Bailey, who runs vacation rental cabins, has been fielding calls all morning from customers canceling their reservations because of the floods, she said. Some of the renters who were already there were unable to evacuate because of closed roads.

“It’s an economic nightmare because Christmas and New Year’s are the biggest two weeks for Wrightwood,” Bailey said. “That’s where the majority of people in this town make their money.”

A Red Cross spokesperson said the agency had opened four shelters in the Los Angeles region on Tuesday evening. But so far, only a handful of people had taken shelter at them.

Flash flood warnings — issued when floods are imminent or already happening — were in effect for several cities in Los Angeles County, including San Fernando, Altadena and Santa Clarita, and for parts of Santa Barbara and Ventura counties, west of Los Angeles.
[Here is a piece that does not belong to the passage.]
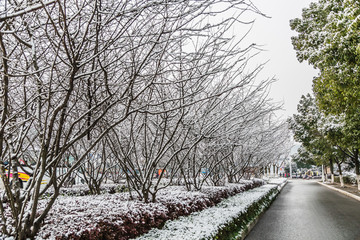 城市雪景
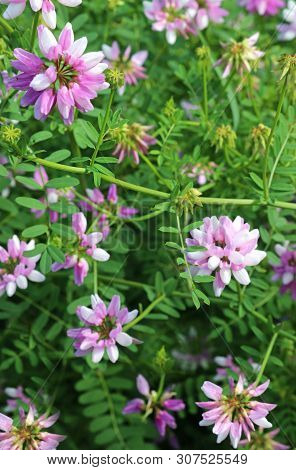 Pink Blooming Crown Vetches In A Meadow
The relentless rains are coming from a series of atmospheric rivers, or large plumes of moisture in the sky, that have been flowing over California. Climate change is also a factor: Heavy rains and flooding are becoming more common because of global warming.
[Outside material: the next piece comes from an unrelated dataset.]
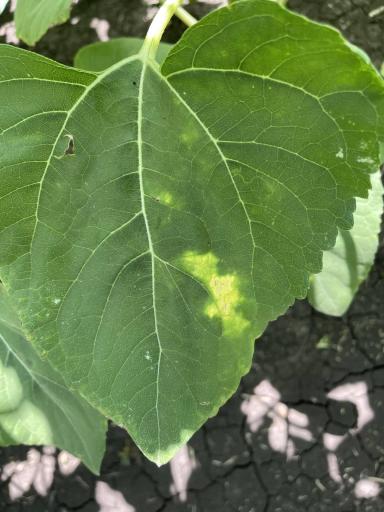 Болезнь подсолнечника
The weather service took the rare step of issuing a “high risk” alert for excessive rainfall for Los Angeles and areas to the north. Over the last decade, some of the nation’s deadliest and most destructive floods have occurred under this specific warning level.

“This is the type of storm system that affects the area approximately every five to 10 years or so,” Ariel Cohen, a meteorologist with the weather service, said at the Tuesday news conference. “There will almost certainly be numerous rockslides and mudslides, along with areas of severe flooding, in urban locations and along freeways, which is why being out on the road will be exceptionally dangerous.”

Because of the high risk of mud and debris flows, mandatory evacuation orders were in place for parts of Orange County that were burned in the Airport fire in fall 2024, as well as for a recreational vehicle resort in Ventura County and places scarred by this year’s wildfires in Los Angeles County, including the Pacific Palisades.

The holiday presents its own challenge. According to the Los Angeles Police Department, many residents have resisted orders to evacuate during Christmas.

Jim McDonnell, the chief of the Los Angeles police, said Tuesday that officers had visited 126 properties within the Palisades burn zone to share evacuation information.

“Many of the people — probably most of the people — in the evacuation area have thanked us for the notification but chosen not to leave,” McDonnell said. “I would ask you to seriously reconsider that.”

The rain now falling in Los Angeles is the first of what forecasters said would be two main waves of downpour.

The first was expected to turn into light showers by late afternoon today, said Joe Sirard, a meteorologist with the weather service. But the precipitation would probably intensify again Thursday night, he added, bringing a couple more inches.

The storm is part of a broader system that has already soaked northern and central California since the weekend and is set to dump snow across the Sierra Nevada.

There has been at least one fatality in northern California attributed to the storm: A 74-year-old man died Sunday after he drove his pickup truck onto a flooded roadway in Redding, according to the police there.